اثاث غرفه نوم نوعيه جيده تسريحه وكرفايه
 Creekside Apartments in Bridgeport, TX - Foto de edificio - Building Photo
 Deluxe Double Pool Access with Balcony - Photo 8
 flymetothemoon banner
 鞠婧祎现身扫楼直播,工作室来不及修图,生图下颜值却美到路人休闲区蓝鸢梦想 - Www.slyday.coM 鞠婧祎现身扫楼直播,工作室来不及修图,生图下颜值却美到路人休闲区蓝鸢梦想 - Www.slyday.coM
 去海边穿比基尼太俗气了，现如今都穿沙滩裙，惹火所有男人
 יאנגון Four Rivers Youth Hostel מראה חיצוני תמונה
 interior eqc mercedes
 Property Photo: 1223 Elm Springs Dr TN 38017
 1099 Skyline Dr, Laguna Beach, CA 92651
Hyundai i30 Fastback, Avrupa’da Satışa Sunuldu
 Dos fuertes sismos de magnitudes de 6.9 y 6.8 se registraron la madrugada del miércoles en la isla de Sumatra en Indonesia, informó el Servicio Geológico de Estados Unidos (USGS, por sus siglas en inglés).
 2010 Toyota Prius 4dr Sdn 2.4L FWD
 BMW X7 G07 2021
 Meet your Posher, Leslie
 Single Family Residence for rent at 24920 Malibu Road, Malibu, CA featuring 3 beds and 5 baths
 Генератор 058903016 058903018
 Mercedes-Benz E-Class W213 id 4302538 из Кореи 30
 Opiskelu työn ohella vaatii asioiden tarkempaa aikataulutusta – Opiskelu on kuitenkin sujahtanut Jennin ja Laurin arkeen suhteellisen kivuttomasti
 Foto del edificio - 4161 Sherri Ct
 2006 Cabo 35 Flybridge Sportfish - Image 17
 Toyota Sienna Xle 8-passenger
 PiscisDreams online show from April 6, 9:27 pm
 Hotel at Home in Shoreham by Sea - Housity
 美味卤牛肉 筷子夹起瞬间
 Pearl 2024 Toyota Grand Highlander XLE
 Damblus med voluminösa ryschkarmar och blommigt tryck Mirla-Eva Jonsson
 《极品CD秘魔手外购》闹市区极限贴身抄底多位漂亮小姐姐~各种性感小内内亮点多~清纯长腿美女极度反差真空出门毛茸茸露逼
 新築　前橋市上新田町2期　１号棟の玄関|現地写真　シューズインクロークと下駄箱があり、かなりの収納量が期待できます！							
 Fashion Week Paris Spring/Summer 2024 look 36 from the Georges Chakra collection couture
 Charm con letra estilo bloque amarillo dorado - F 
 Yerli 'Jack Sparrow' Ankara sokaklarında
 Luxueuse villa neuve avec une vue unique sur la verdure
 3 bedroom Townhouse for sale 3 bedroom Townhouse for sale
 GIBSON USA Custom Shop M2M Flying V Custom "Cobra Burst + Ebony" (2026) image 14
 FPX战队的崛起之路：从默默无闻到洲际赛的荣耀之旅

· · · · ·

■ Your goal
Within the preceding material, tally each line that holds the word "edificio". Write down only the total.

■ Problem solution
2